### Exercise objective:
Some of the lines below need repeating. Reproduce exactly those between the lines holding "C399-09B 9mm Blue" and "Feira Livre Vila Palmeiraa map", inclusive.

### Study material:

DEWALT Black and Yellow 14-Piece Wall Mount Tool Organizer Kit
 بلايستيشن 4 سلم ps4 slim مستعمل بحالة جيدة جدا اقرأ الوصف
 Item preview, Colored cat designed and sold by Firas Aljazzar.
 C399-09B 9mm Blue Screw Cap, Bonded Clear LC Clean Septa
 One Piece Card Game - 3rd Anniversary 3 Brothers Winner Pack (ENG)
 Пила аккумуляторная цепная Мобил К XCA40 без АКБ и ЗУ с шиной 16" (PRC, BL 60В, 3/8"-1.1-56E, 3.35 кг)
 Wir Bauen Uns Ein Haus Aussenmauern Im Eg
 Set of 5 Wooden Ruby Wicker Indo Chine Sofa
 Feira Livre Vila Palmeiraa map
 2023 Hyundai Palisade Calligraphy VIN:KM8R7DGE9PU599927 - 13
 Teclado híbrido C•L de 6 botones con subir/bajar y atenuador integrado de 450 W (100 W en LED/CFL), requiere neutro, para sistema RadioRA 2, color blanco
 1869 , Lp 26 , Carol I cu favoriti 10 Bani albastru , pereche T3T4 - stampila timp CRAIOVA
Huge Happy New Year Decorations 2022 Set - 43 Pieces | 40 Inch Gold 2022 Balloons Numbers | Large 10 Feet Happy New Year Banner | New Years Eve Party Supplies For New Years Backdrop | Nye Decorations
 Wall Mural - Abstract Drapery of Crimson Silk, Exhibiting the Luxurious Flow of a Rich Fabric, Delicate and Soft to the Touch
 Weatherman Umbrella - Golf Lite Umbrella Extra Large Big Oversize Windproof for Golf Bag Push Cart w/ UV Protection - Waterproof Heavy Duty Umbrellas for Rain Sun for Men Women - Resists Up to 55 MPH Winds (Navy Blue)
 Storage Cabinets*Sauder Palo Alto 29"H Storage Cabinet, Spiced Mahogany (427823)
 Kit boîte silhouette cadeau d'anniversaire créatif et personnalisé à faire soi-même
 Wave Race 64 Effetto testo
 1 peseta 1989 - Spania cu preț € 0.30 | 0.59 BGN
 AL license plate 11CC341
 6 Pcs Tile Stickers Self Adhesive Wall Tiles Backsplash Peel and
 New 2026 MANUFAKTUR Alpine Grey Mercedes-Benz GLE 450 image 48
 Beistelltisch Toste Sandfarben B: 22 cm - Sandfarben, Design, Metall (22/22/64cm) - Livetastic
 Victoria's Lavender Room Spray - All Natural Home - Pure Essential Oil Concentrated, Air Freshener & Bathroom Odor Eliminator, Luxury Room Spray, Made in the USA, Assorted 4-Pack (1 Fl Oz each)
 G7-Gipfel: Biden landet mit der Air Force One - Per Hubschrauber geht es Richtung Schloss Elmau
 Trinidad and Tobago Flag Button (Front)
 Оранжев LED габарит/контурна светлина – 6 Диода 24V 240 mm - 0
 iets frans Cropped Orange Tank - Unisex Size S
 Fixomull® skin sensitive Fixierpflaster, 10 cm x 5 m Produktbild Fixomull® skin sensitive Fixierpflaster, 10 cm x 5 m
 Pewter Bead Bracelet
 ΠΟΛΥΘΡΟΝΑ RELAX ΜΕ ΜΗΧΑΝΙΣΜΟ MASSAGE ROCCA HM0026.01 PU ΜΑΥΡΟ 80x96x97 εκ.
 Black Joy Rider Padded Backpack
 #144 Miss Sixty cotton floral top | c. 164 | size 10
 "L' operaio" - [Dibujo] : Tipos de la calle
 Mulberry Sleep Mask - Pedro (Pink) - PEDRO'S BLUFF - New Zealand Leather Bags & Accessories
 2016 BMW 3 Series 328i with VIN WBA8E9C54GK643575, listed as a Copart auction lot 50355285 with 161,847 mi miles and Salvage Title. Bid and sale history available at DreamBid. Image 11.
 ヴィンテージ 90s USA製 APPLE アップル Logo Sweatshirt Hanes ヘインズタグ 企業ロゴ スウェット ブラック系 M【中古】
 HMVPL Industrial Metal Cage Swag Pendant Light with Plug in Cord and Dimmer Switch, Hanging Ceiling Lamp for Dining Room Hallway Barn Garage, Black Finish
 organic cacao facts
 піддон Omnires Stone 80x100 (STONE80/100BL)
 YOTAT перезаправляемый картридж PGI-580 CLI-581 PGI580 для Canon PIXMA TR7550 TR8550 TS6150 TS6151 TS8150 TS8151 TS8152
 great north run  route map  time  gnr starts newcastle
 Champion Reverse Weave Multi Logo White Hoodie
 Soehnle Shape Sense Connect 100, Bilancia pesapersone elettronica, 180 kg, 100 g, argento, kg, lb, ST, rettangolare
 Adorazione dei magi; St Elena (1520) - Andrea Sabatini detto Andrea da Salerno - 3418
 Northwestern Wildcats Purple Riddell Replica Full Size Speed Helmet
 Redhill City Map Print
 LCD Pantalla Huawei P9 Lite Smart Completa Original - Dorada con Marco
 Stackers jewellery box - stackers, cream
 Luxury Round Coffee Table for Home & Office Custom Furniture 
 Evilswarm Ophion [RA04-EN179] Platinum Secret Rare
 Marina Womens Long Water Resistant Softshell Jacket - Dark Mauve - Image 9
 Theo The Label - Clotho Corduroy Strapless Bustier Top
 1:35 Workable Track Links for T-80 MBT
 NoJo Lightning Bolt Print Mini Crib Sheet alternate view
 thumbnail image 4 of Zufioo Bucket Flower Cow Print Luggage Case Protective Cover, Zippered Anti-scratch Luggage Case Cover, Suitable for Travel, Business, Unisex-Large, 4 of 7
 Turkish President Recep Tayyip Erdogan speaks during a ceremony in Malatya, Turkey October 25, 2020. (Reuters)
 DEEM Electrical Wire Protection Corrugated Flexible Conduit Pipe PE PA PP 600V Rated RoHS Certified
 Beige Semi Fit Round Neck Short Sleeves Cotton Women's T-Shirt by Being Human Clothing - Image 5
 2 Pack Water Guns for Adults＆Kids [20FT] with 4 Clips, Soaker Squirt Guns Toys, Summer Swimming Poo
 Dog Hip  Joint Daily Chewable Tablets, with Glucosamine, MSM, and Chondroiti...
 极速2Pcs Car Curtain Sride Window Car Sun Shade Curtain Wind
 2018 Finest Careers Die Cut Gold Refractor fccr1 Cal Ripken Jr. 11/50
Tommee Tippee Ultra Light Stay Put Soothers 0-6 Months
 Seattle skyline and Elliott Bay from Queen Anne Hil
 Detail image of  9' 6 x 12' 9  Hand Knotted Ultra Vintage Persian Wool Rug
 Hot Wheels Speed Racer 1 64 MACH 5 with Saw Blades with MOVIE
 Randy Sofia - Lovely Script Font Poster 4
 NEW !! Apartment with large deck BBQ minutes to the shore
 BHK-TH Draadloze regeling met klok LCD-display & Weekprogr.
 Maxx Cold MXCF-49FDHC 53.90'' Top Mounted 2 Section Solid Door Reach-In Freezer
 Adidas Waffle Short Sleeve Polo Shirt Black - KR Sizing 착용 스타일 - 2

### Result:
 C399-09B 9mm Blue Screw Cap, Bonded Clear LC Clean Septa
 One Piece Card Game - 3rd Anniversary 3 Brothers Winner Pack (ENG)
 Пила аккумуляторная цепная Мобил К XCA40 без АКБ и ЗУ с шиной 16" (PRC, BL 60В, 3/8"-1.1-56E, 3.35 кг)
 Wir Bauen Uns Ein Haus Aussenmauern Im Eg
 Set of 5 Wooden Ruby Wicker Indo Chine Sofa
 Feira Livre Vila Palmeiraa map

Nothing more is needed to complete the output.